### Data for review
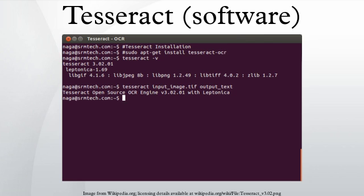Tesseract's output will be very poor quality if the input images are not pre-processed to suit it. Images must be scaled up such that the text X height is at least 20 pixels, any rotation or skew must be corrected or no text will be recognized, low frequency changes in brightness must be high-pass filtered, or Tesseract's binarization stage will destroy much of the page, and dark borders must be manually removed, or they will be misinterpreted as characters.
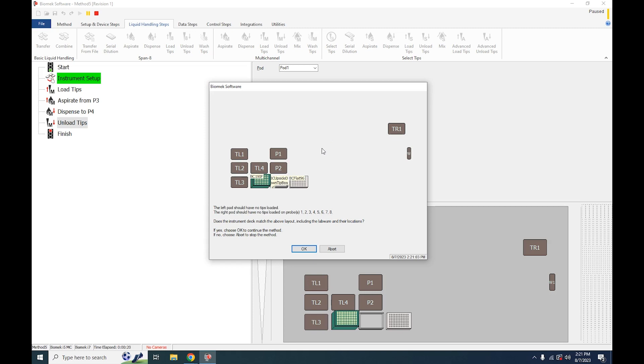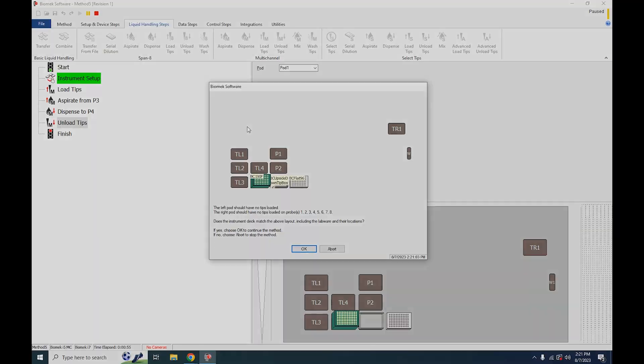Before you run your method, make sure there's nothing on your deck besides what you intend to be there. Make sure your deck is clear of all obstacles to prevent any unnecessary crashes.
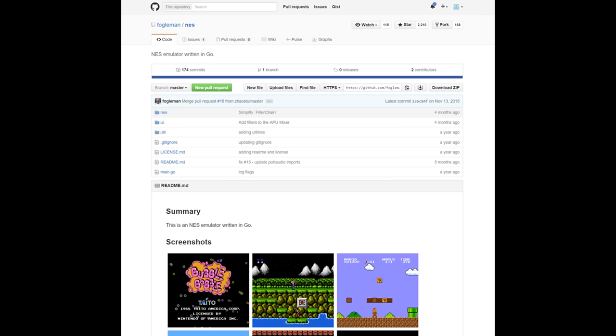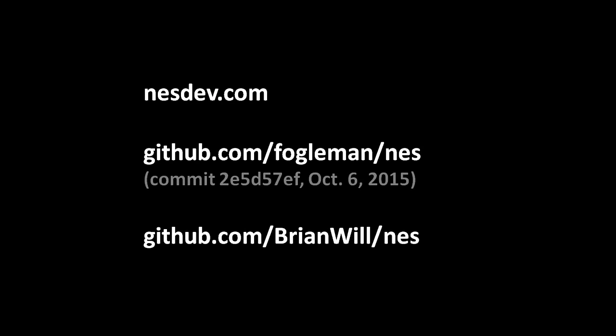I wanted to demonstrate how it would be better in a straight procedural style. I'm not going to give a full account of how the emulator works — honestly, I'm sketching out the details myself because I don't understand the NES hardware. If you want to learn about NES hardware, the good place to start is nesdev.com, a developer wiki for the NES hardware. I'll give a broad outline. His original code is at github.com/fogelman/nes, and my procedural rewrite is at slash Brian Will slash NES.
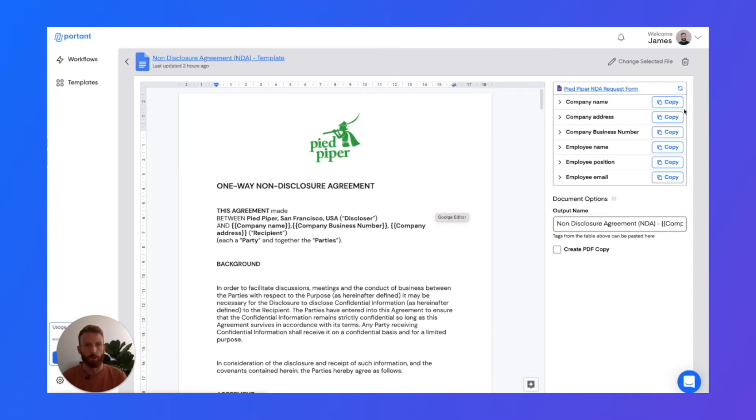On the right-hand side, we have a table which has all the different tags which you can insert into the document and make it more customized to each response.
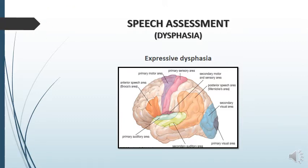Another type of dysphasia is expressive dysphasia. This is also called anterior dysphasia, as the area involved is located anteriorly, and that area is called Broca's area. In this dysphasia, the patient is able to understand but unable to express, and the speech in this case is non-fluent.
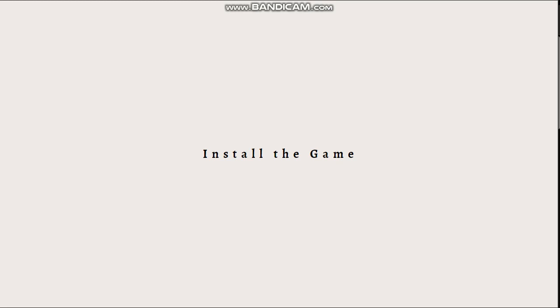Next, install the game. After purchasing or downloading the game, follow the platform's instructions to install it on your PC. This typically involves running an installer file that you have downloaded, or initiating the installation process through the platform's interface.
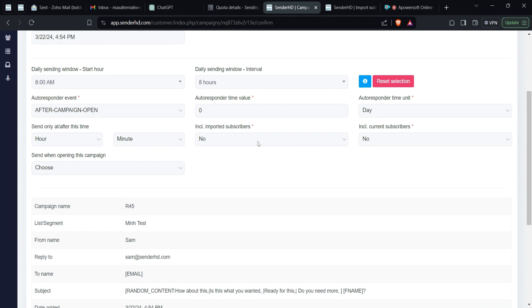There's also the option to 'include imported subscribers.' This means if you have a list where people are not opting in via a website and you've imported contacts manually, you define whether those imported contacts will receive emails from this campaign. Separately, you define whether to include current subscribers — meaning the people already existing in the list.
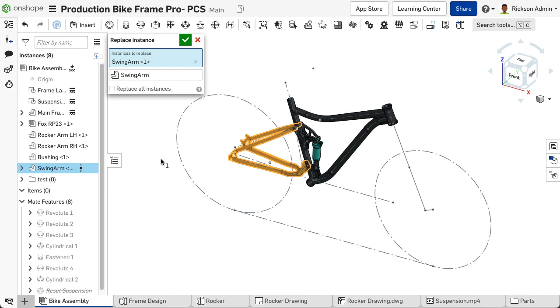If the replacement of a single component is desired, leave the checkbox unchecked. To accept the changes and exit the dialog, select the green checkmark. To cancel the changes and exit the dialog, select the red X button.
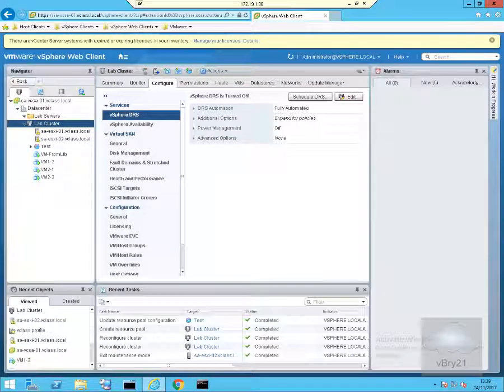In this demonstration, we look at retaining resource pools when disabling VMware DRS clusters in the vSphere web client.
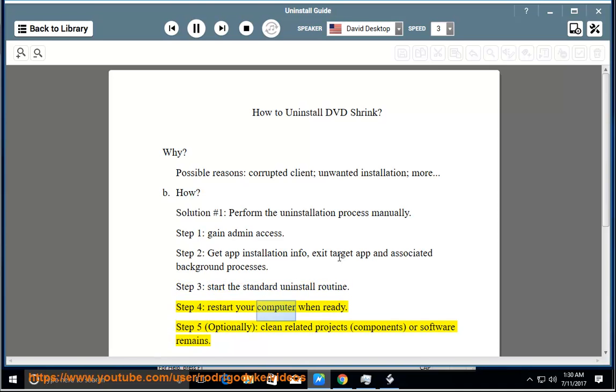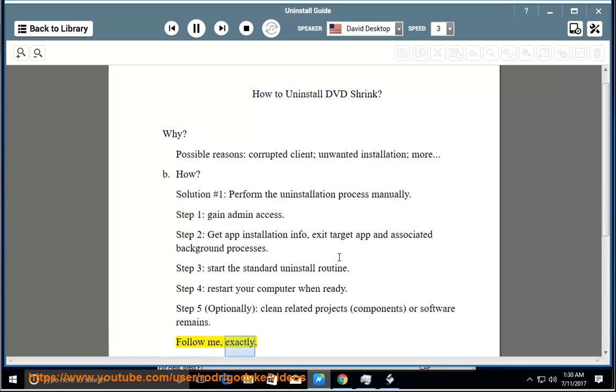Step 4: Restart Your Computer When Ready. Step 5: Optionally clean related projects, components, or software remains. Follow me exactly.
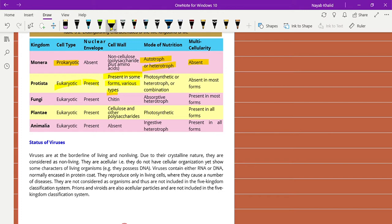The mode of nutrition in Protista is photosynthetic, heterotrophic, or a combination of both. Photosynthetic means they get food through photosynthesis. Heterotrophic means they get food through other organisms. Some Protista also prepare their own food through photosynthesis. Multicellularity is absent in most forms, but not all.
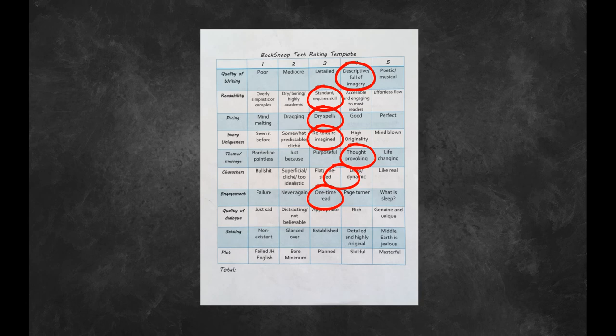Engagement I gave this one a three. I do consider it a one-time read even though there are particular stories in here that I really quite enjoyed and I might look back on again in the future. The anthology as a whole is not something I would read cover to cover a second time. I would probably just look back on the particular stories I liked.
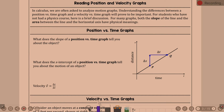In calculus, we're often asked to analyze motion graphs — the difference between a position versus time graph and a velocity versus time graph. You've even done some of this back in algebra. Some of this is sounding familiar from physics as well. It just takes it to a new level here.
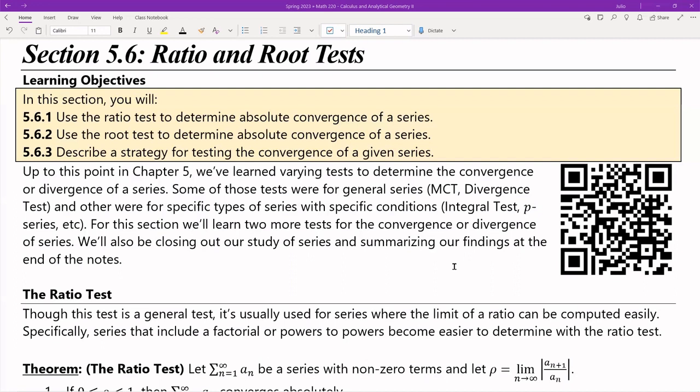Thankfully, this is the last section that we're going to be working with in chapter 5 for series. We're going to summarize everything at the very end. I've got the QR code there for the sequence calculator and the series calculator — we're going to be using it a fair amount here. I expect you guys to be using it as well, just to get that gut feeling of whether or not something is converging or diverging.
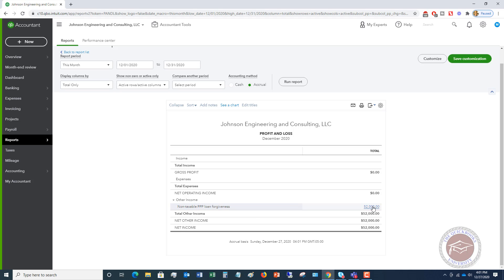And then again, on a tax return, this income will not show as taxable income. And that's very important because even though it's showing on this profit and loss statement in your books, as money that came in the door, you want to make sure on the tax return that it shows as non-taxable income.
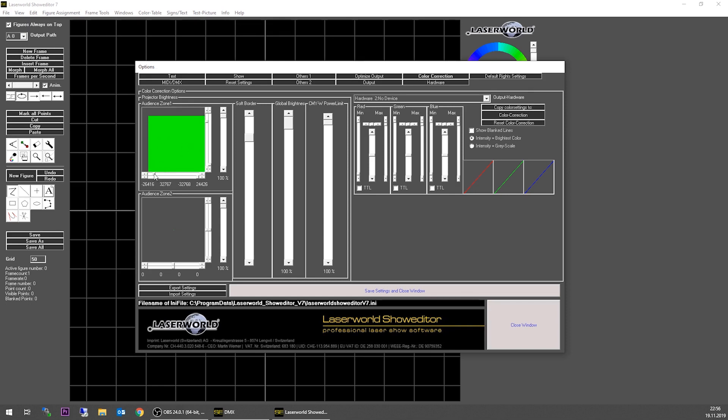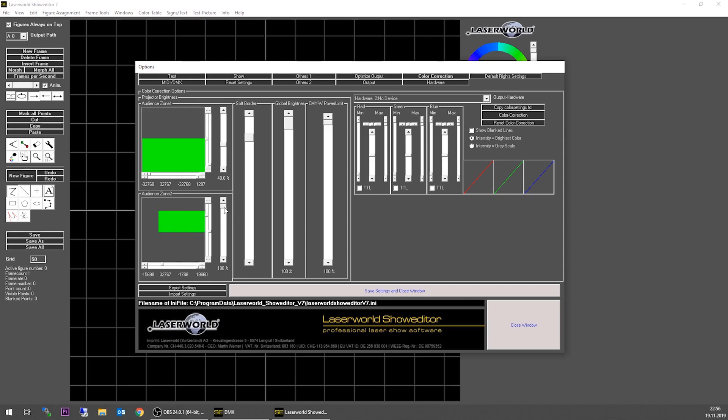You can adjust things with the sliders here and you can set the intensity for this very zone we just created. And there you can set another zone down here and you can also adjust the intensity for this zone.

### Exercise brief
Exactly the lines from the one with "Thankfully, this is" through the end of the records are to be repeated, both ends included, and pictures are to be omitted.

### Expected output
Thankfully, this is the last section that we're going to be working with in chapter 5 for series. We're going to summarize everything at the very end. I've got the QR code there for the sequence calculator and the series calculator — we're going to be using it a fair amount here. I expect you guys to be using it as well, just to get that gut feeling of whether or not something is converging or diverging.
And then again, on a tax return, this income will not show as taxable income. And that's very important because even though it's showing on this profit and loss statement in your books, as money that came in the door, you want to make sure on the tax return that it shows as non-taxable income.
You can adjust things with the sliders here and you can set the intensity for this very zone we just created. And there you can set another zone down here and you can also adjust the intensity for this zone.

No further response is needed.